# Scooby at the vets !!



## scooby (Mar 23, 2009)

I am writing this in a very lonely home at the moment Scooby is in the vets under a general anesthetic having his paw repaired, he managed to cut it last night (on glass we think) whilst in the park having a run with his mate. :'(

I took him straight to the vets who had a quick looked before dressing it, we were sent home and told to starve him till this morning when we had to take him back at 9am. He wasn't a happy puppy, but hopefully he'll be home later this afternoon.

I can't believe how empty the house feels I'm used to the kids being at school but everything seems strange not having him here.  Can't wait to have him home !!


----------



## Zero4910 (Sep 28, 2009)

Glad it wasn't any worse like running into a road or something. You know until he heals completely he's just going to want to run more and more... you are going to have a very hyper dog I think...more hyper than normal, i mean.


----------



## DixiesMom (Feb 5, 2009)

I sympathize completely, a couple of weeks ago Reba sliced her right front paw while playing in the back yard. After dressing the paw the vet says make sure and keep it dry and don't let her play or run or it will reopen.

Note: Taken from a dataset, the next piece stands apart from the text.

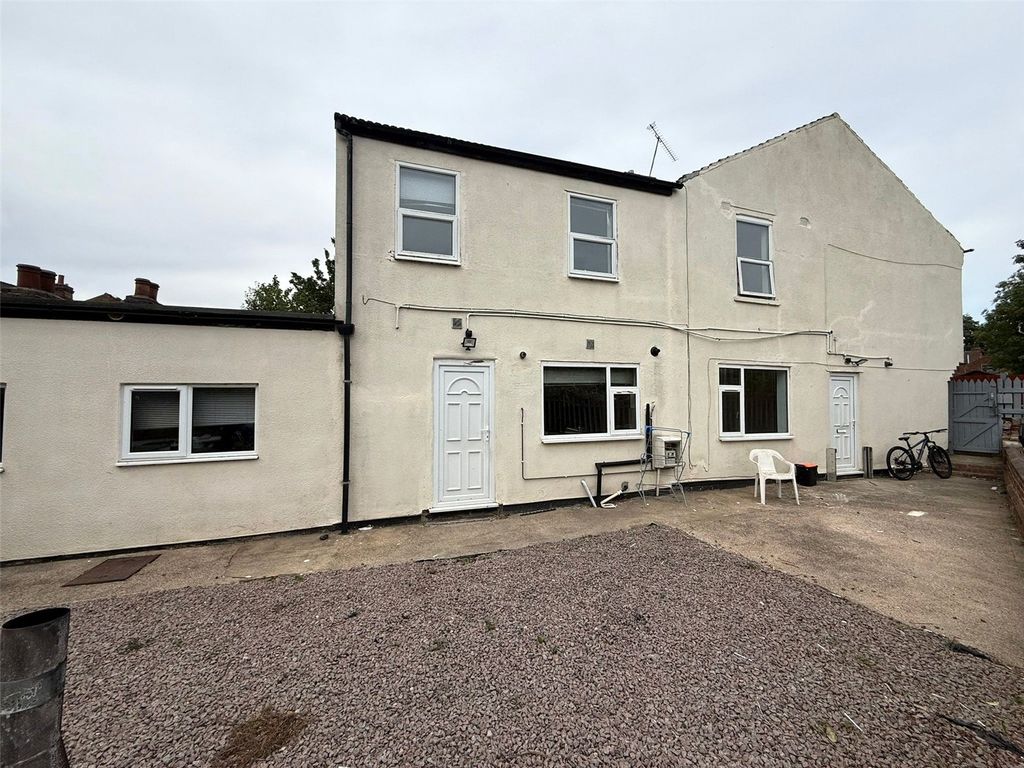 Property photo 1 of 9 Picture No. 08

HMMMMM Reba promptly chewed the bandages off and wanted to play chase....thankfully with the antibiotic and me cleaning her paw ALL OF THE TIME she healed nicely.

At least when Scooby comes home he will still be a bit groggy and you will be able to cuddle with him.


----------



## scooby (Mar 23, 2009)

Thanks for the comments guys, he's back home very tired, had some internal stiches and 4 external ones, no off lead exercise for *10 * days !! looks like i'll be doing *alot* of walking. :

Thank heavens for pet insurance !!!!!!!!!


----------



## Crazy Kian (Aug 10, 2009)

Poor Scooby, hope he heals up quick.
Oh and as for the no running for 10 days thing.... yeah, we are on day 6  Kian was neutered recently and he is itching or should I say bouncing off the walls...LITERALLY ;D
Cannot wait to get the all clear from the vet.


----------



## aaclonts (Nov 4, 2009)

Hang in there Scooby!

Charlie will be neutered this next month and I'm already dreading the 'no running'


----------



## scooby (Mar 23, 2009)

Thanks folks he is more like his old self now he's managed to stand up long enough to eat something, I think he must have had enough anesthetic inside him knock an elephant out

But yes i'm dreading the next 10 days, he will be one super charged V!!!!!!!!!!!!!!!!!!!!!


----------